もしも経理をやることになったら… 経理の仕事シリーズ⑤ 年次決算のポイント

初めて経理業務を担当する方向けに経理の仕事を紹介する、「経理の仕事」シリーズ。

今回は「経理の仕事シリーズ⑤ 年次決算のポイント」ということで、年次決算において分かりにくい点をピックアップして解説していきます。


この記事の著者
  中小企業診断士 

1.「現金過不足」の処理方法

経理担当者は、帳簿上の現金残高と実際の現金残高を毎日突合しています。

しかし、実務では現金が合わないケースも発生します。

ここでは、現金過不足の処理方法について解説していきます。

(1)現金不足の場合

①実際の現金残高が帳簿上の現金残高より10,000円少ない。

この場合は、「現金過不足」という勘定科目を用いて処理します。

借方

貸方

現金過不足 10,000円

現金 10,000円

ポイントは、帳簿上の残高を10,000円減らすことにより、実際の現金残高に合わせていることです。帳簿上の現金残高と実際の現金残高が合わない場合は、「現金過不足」勘定により経理処理を行いますが、決算までに現金が不足した原因を追究する必要があります。

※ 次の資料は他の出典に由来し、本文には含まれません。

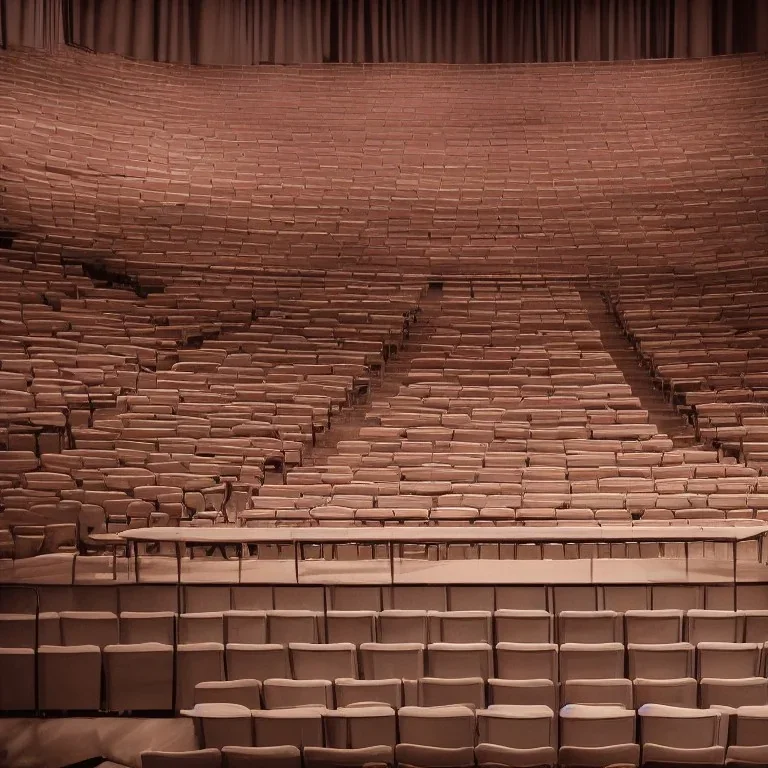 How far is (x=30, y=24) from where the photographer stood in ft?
22.1

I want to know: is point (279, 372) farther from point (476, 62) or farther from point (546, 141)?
point (476, 62)

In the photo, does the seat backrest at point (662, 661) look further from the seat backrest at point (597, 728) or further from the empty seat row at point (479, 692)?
the seat backrest at point (597, 728)

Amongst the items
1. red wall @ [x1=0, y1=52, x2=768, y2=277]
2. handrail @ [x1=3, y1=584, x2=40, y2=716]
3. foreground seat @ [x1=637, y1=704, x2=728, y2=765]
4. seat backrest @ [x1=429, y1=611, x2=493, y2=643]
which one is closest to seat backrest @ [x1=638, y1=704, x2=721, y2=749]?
foreground seat @ [x1=637, y1=704, x2=728, y2=765]

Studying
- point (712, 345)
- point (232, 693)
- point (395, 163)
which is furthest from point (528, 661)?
point (395, 163)

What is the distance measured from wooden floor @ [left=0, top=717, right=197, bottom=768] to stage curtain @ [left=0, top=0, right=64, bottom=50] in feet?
20.3

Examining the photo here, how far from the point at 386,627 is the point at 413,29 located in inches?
257

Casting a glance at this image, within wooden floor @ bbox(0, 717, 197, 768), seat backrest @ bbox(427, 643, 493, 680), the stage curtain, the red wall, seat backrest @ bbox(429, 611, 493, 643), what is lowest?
wooden floor @ bbox(0, 717, 197, 768)

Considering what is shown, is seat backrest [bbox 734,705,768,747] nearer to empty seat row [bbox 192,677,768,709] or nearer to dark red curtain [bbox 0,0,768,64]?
empty seat row [bbox 192,677,768,709]

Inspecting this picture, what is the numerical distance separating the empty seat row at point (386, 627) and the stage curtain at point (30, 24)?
5.94 meters

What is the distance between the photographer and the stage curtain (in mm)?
6688

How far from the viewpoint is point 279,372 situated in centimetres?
448

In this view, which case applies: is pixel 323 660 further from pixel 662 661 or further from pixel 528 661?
pixel 662 661

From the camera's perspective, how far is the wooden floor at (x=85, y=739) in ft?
6.45

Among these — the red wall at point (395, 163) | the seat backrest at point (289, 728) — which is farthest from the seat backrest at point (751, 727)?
the red wall at point (395, 163) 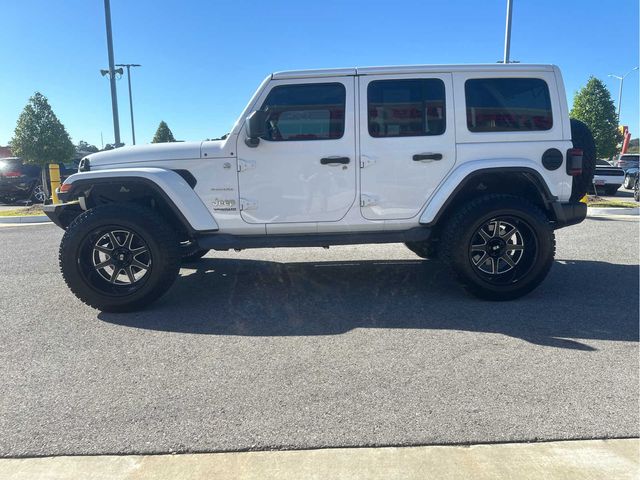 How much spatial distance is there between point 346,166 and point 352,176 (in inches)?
4.3

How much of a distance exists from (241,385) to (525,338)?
2.17 meters

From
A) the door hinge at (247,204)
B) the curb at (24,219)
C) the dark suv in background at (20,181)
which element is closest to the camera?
the door hinge at (247,204)

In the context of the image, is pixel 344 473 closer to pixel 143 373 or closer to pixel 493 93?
pixel 143 373

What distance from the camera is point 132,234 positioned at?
4.12 metres

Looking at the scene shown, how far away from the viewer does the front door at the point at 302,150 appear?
415 cm

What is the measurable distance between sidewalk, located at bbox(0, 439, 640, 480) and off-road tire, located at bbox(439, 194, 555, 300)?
2.03 m

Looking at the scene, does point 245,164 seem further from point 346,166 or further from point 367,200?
point 367,200

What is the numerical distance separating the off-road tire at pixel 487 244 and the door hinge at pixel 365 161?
0.94m

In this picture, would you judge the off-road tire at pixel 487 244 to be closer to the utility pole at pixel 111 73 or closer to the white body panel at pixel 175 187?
the white body panel at pixel 175 187

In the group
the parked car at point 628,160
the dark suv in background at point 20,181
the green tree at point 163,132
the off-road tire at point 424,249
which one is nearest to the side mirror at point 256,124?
the off-road tire at point 424,249

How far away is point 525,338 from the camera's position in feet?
11.2

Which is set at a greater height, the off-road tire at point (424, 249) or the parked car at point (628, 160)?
the parked car at point (628, 160)

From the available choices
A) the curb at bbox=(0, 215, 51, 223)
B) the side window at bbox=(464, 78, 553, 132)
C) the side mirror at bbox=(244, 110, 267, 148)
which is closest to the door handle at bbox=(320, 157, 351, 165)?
the side mirror at bbox=(244, 110, 267, 148)

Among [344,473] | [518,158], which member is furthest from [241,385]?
[518,158]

現金が不足した原因が判明した場合は次のような仕訳を行います。

<仕訳例>

調査の結果、新聞図書費10,000円の計上が漏れていたことが判明した。

借方

貸方

新聞図書費 10,000円

現金過不足 10,000円

②現金過不足が発生した原因が判明せず、決算日を迎えた。

借方

貸方

雑損失 10,000円

現金過不足 10,000円

期中に発生した現金過不足の原因が決算日時点で判明しない場合は、「雑損失」という勘定科目で処理をします。

(2)現金過剰の場合

ここも仕訳例を挙げながら解説していきます。

①実際の現金残高が帳簿上の現金残高より10,000円多い。

借方

貸方

現金 10,000円

現金過不足 10,000円

この仕訳により帳簿上の現金残高を10,000円増加させて、実際の現金残高に合わせています。ここから経理担当者は決算日まで現金過剰の原因を調査していきます。

②現金過剰が発生した原因が判明せず、決算日を迎えた。

借方

貸方

現金過不足 10,000円

雑収入 10,000円

現金過剰の場合は「雑収入」という勘定科目を用いて処理します。

経理担当者としては、現金過不足が発生することはあってはならないことです。

簡単に雑収入や雑損失に振り替えるだけではなく、原因追及を十分に行うことが大切です。


2.「有価証券」の処理方法

決算時には有価証券の評価を見直す必要があります。

ただし、有価証券は4つに分類され、評価方法もそれぞれ異なります。

自社が保有している有価証券を適切に分類した上で評価する必要があります。

<有価証券の区分と評価方法>

有価証券の区分

評価方法

売買目的有価証券

期末時価にて評価。評価差額は当期の損益にて調整する。

満期保有目的債権

原則、取得価額にて評価。債券金額と取得原価との差額が金利の調整と認められるときは、償却原価法に基づき算定した価額を貸借対照表価額とする。

子会社・関連会社株式

取得原価を貸借対照表価額とする。

その他の有価証券

期末時価にて評価。評価差額はその他有価証券評価差額金として純資産に計上。

ここでは売買目的有価証券の処理方法を見ていきましょう。

(1)有価証券評価益

まずは具体的な事例から考えていきましょう。

<具体例>

保有している株式(帳簿価額100,000円)の決算日における時価が、110,000円になった。

売買目的有価証券の代表例は株式です。

株価は日々変動しますので、決算日における株価で再評価する必要があります。

この場合、帳簿価額100,000円に対して、決算日における時価は110,000円であることから10,000円の評価益が出ています。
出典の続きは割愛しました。